Vendere online oggi può iniziare in mille modi: aprendo un negozio su Amazon, una vetrina su Etsy, un account Instagram Shop, oppure un e-commerce con il dominio aziendale. Ognuna di queste strade ha senso, ma sono molto diverse tra loro.
I marketplace: traffico immediato, marginalità ridotta
Amazon ed Etsy hanno milioni di utenti già abituati a comprare. Inizi a vendere in pochi giorni. Ma trattengono commissioni del 15-30%, decidono loro le regole, e il cliente è loro, non dell'azienda. Domani possono sospendere l'account senza preavviso.

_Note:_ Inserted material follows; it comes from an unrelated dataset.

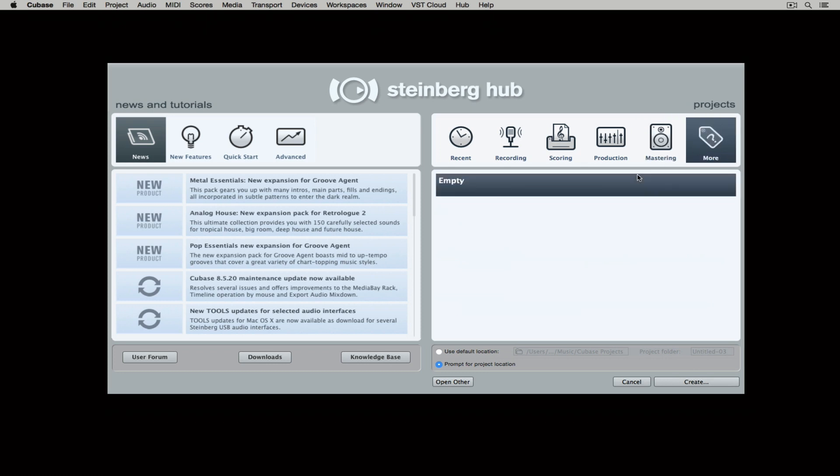File management is really important with Cubase and that's because we're working with a number of different types of files. So down the bottom, I can use a default location and I can set that default location or I can select prompt for project location.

L'e-commerce proprietario: controllo totale
Con Shopify, WooCommerce o un'app custom, il negozio è di proprietà aziendale. Costi inferiori per ordine dopo i primi mesi, brand riconoscibile, raccolta di dati cliente, libertà di promozioni e bundle. Lo svantaggio: il traffico deve essere generato dall'azienda, attraverso SEO, social e pubblicità.
La strategia che funziona meglio
Per quasi tutti i nostri clienti il mix vincente è: marketplace per testare prodotti, raggiungere clienti nuovi e vendere stock; e-commerce proprio per fidelizzare, costruire il brand e marginare di più nel tempo.
Vendere solo su marketplace è come aprire un negozio in affitto in un centro commerciale: paghi sempre il pedaggio. Avere un sito di proprietà significa possedere la propria casa.